Graph the equation. Identify the vertices, foci, and asymptotes of the hyperbola.
Y^2/16-x^2/36=1
I think....vertices (0,4),(0,-4) foci???
asymptotes y=+/- 2x/3
To graph the equation of a hyperbola, you can follow these steps:
1. Rewrite the equation in standard form: \(\frac{{y^2}}{{a^2}} - \frac{{x^2}}{{b^2}} = 1\), where \(a\) and \(b\) are positive real numbers.
Comparing the given equation \(\frac{{y^2}}{{16}} - \frac{{x^2}}{{36}} = 1\) with the standard form, we have \(a^2 = 16\) and \(b^2 = 36\). Taking the square root of both sides, we get \(a = 4\) and \(b = 6\).

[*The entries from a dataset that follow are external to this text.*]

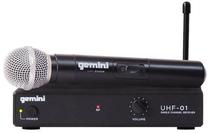 Uhf 01M Gemini Sistema Microfone Sem Fio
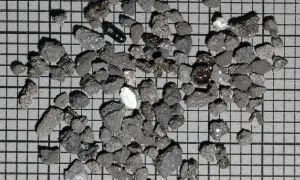 lithic fragments from the regolith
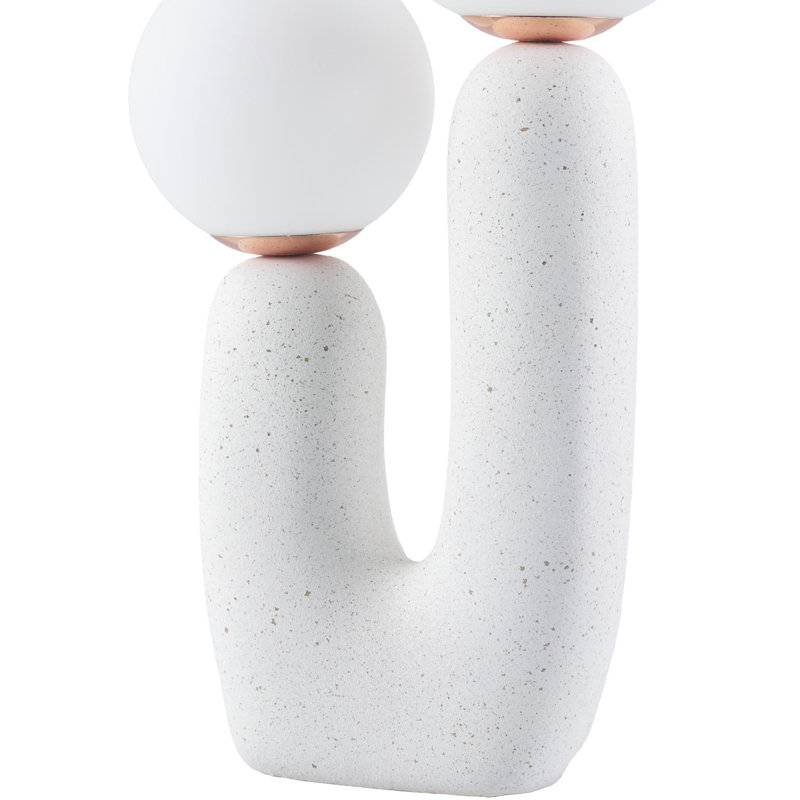 Nora Accent Table Lamp, 17.25" H x 6" W x 7" D, White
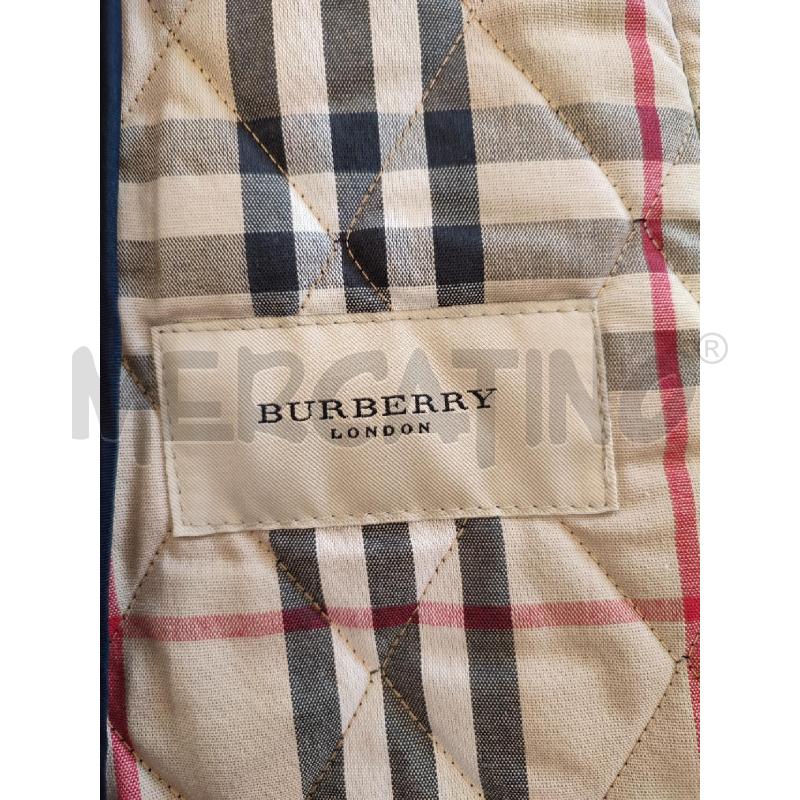 GIACCA DONNA BLU BURBERRY TRAPUNTATA | Mercatino dell'Usato Roma montemario 4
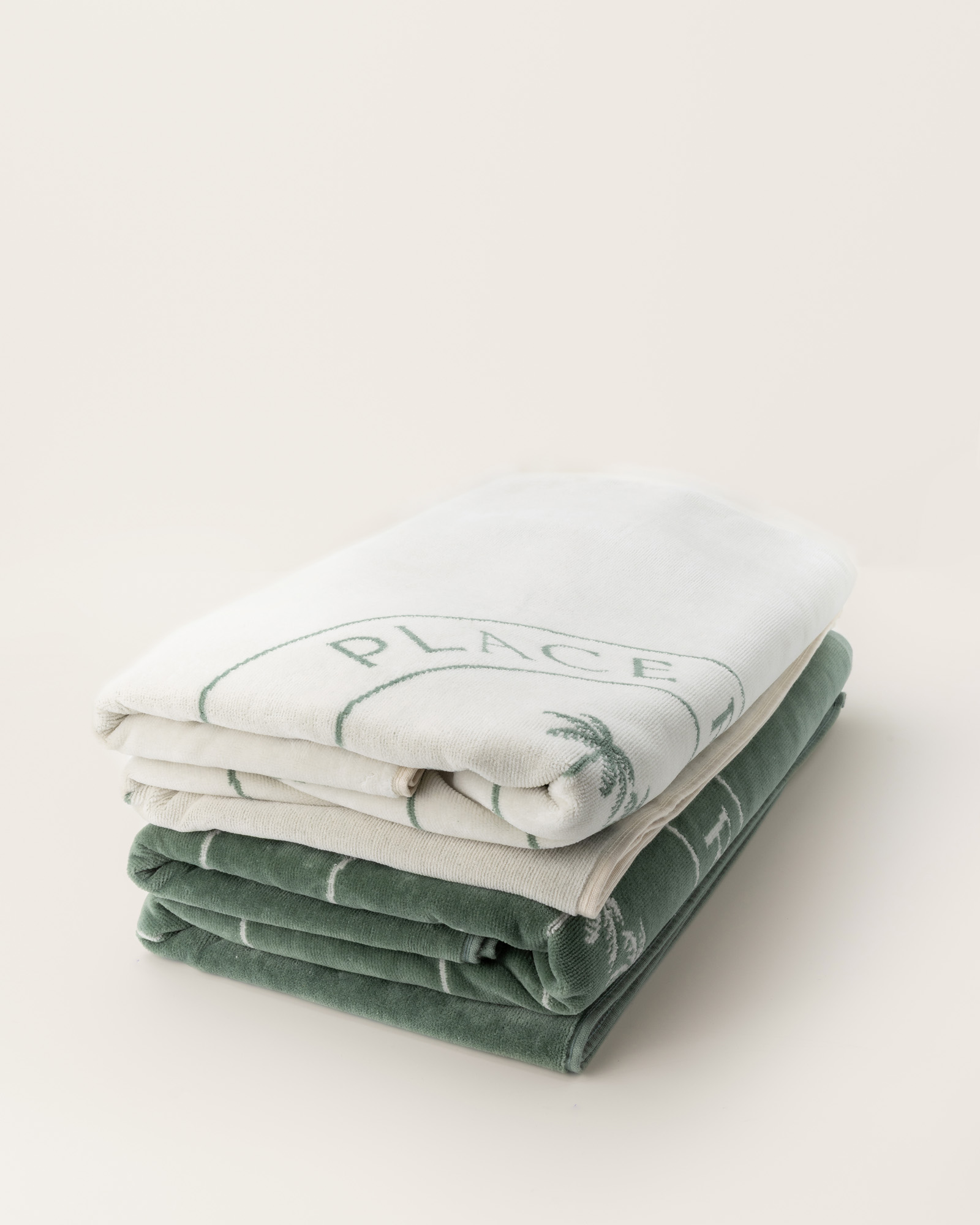 Beach towel COASTAL CLUB Eucalyptus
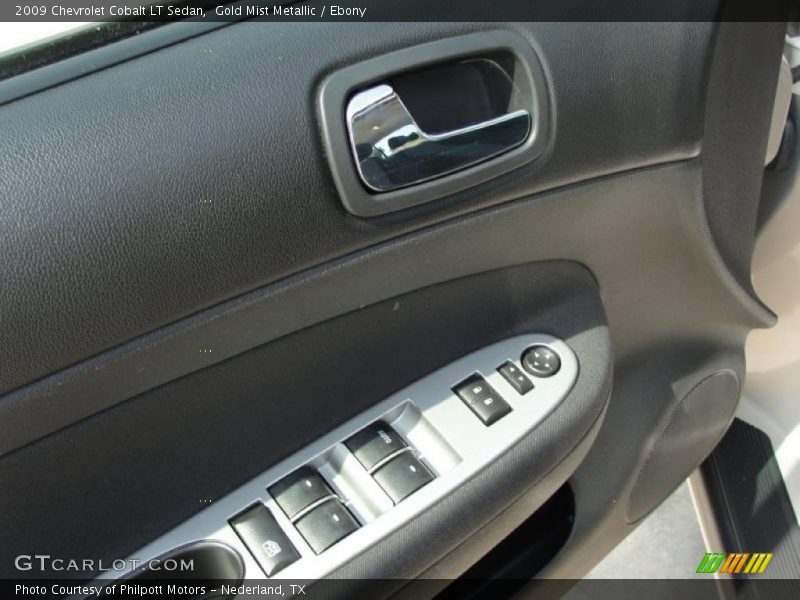 Gold Mist Metallic / Ebony 2009 Chevrolet Cobalt LT Sedan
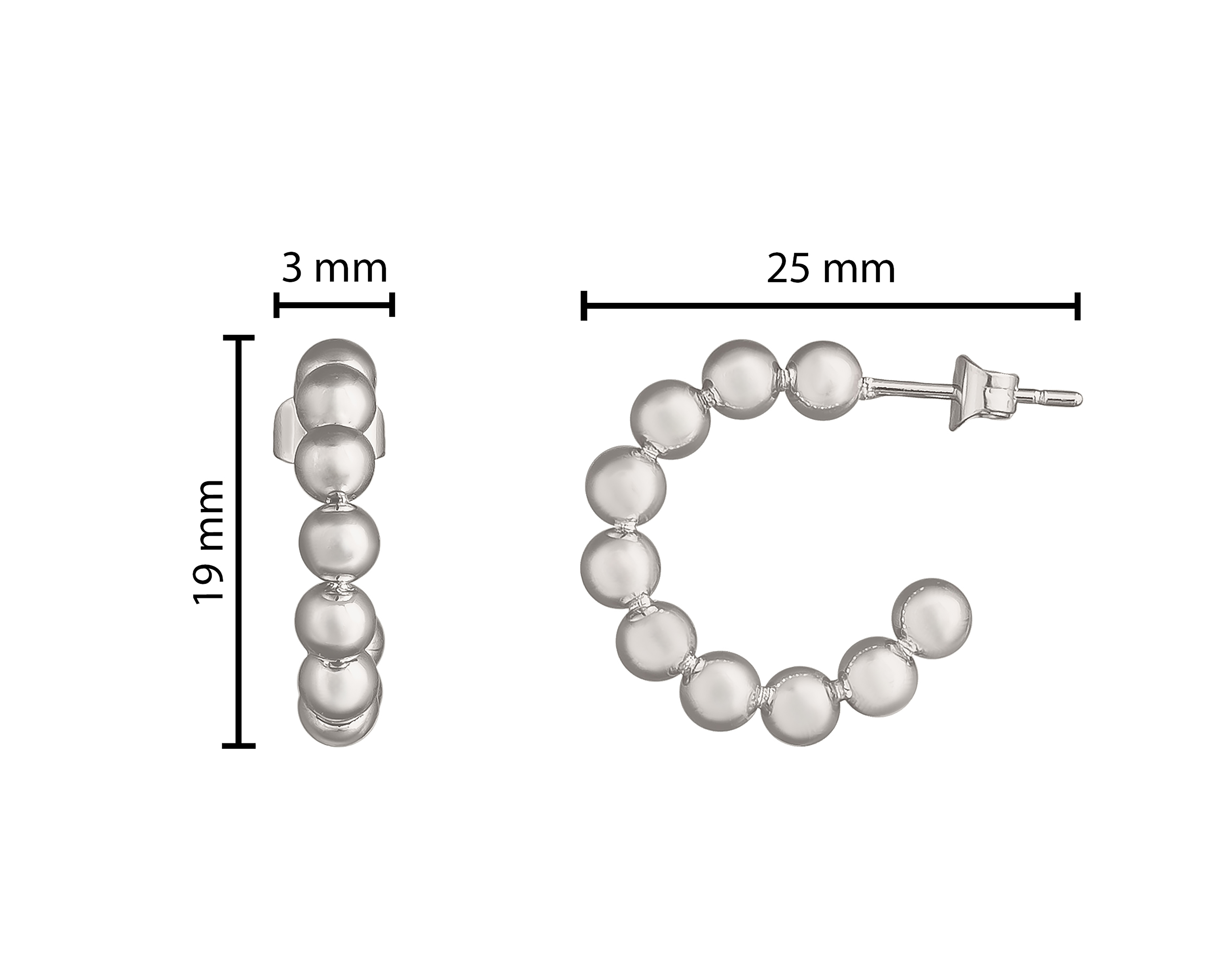 Foto 5 pulgar | Foto 4 | Aretes de Acero Inoxidable Thinner
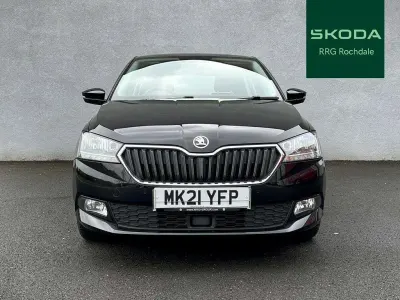 Used Skoda Fabia Colour Edition 94 HP (69 kW) 2021 Crystal black metallic Hatchback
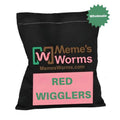 20LBS Pure Red Wiggler Composting Worms For Sale - FREE SHIPPING  (Approx. 20000 Worms)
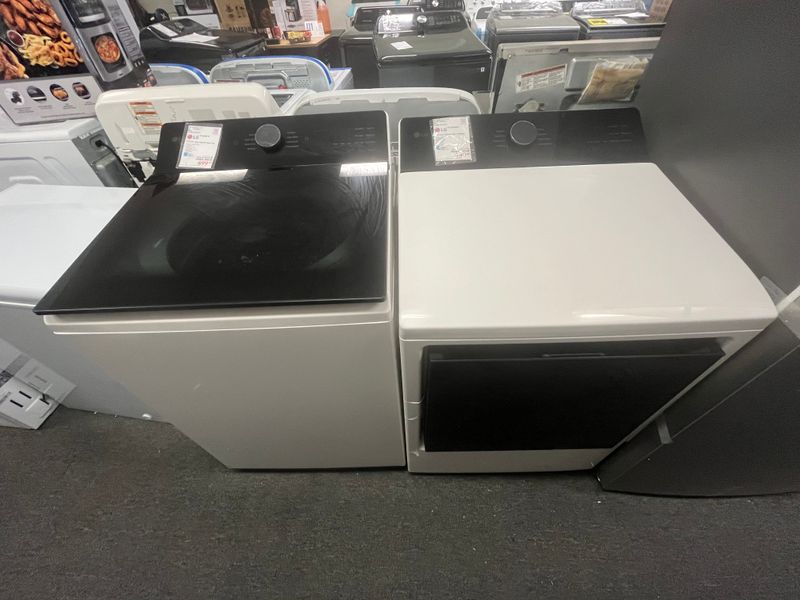 LG Mega Capacity Smart Top Load/Electric Dryer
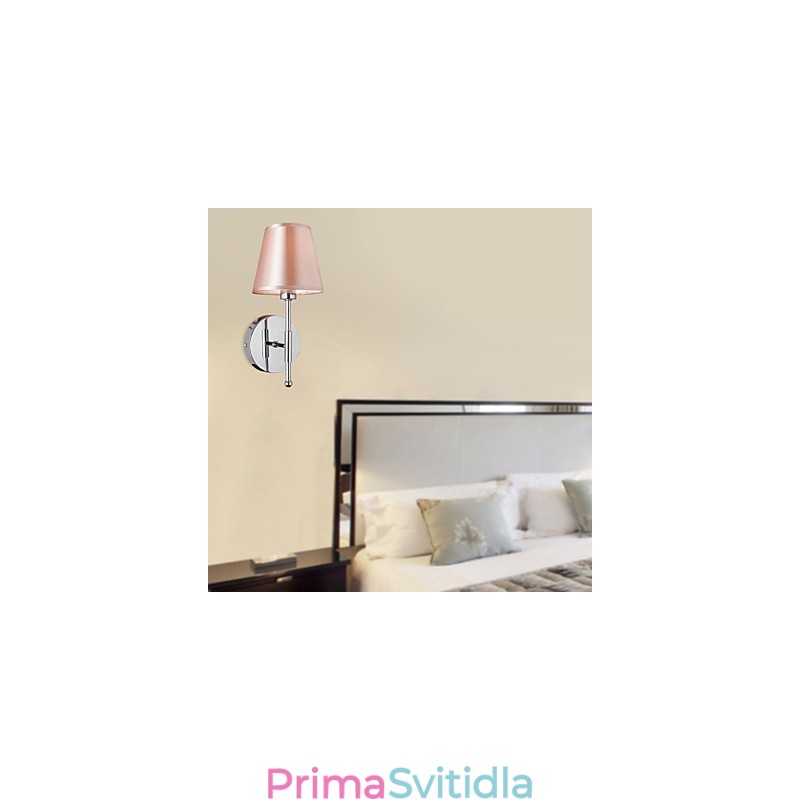 Jednoduché nástěnné svítidlo v teplém světle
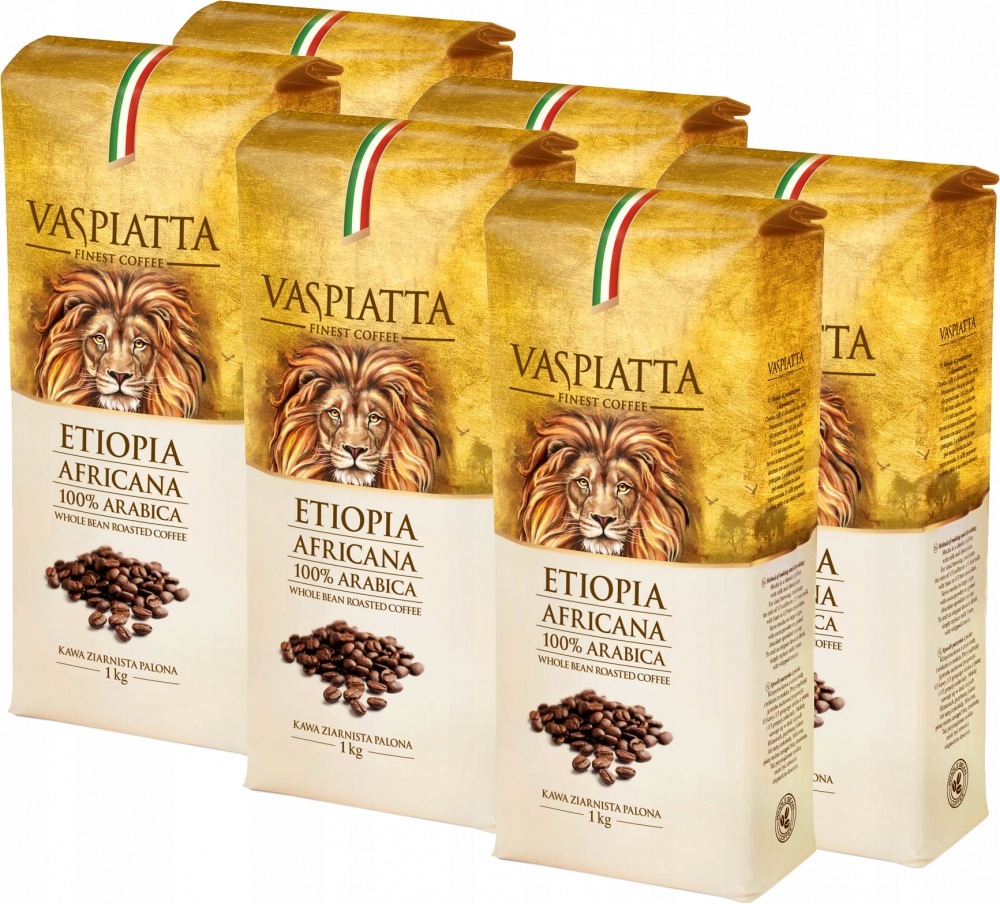 Kawa ziarnista 100% arabica Vaspiatta Kawa 1000 g x6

2. Identify the center of the hyperbola.
The center of the hyperbola is given by the coordinates \((h, k)\), where \(h\) is the x-coordinate and \(k\) is the y-coordinate. In this equation, the center is at the origin (0, 0).
3. Plot the vertices.
The vertices are points on the transverse axis, which is the line passing through the center. The distance from the center to each vertex is \(a\). Since \(a = 4\), the vertices will be located at (0, 4) and (0, -4).
4. Plot the foci.
The foci are points along the transverse axis, which is the line passing through the center. The distance from the center to each focus is denoted by \(c\). To find the value of \(c\), use the equation \(c^2 = a^2 + b^2\). Plugging in the values, we have \(c^2 = 16 + 36 = 52\), and taking the square root on both sides gives \(c = \sqrt{52} = 2\sqrt{13}\). Therefore, the foci will be located at (0, \(2\sqrt{13}\)) and (0, \(-2\sqrt{13}\)).
5. Plot the asymptotes.
The equations of the asymptotes in the standard form for a hyperbola are \(y = \pm \frac{b}{a}x + k\), where \(k\) is the y-coordinate of the center. In this case, the asymptotes will be \(y = \pm \frac{2}{3}x\) since \(k = 0\).
Now, you can plot the vertices (0, 4) and (0, -4), the foci (0, \(2\sqrt{13}\)) and (0, \(-2\sqrt{13}\)), and the asymptotes \(y = \frac{2}{3}x\) and \(y = -\frac{2}{3}x\).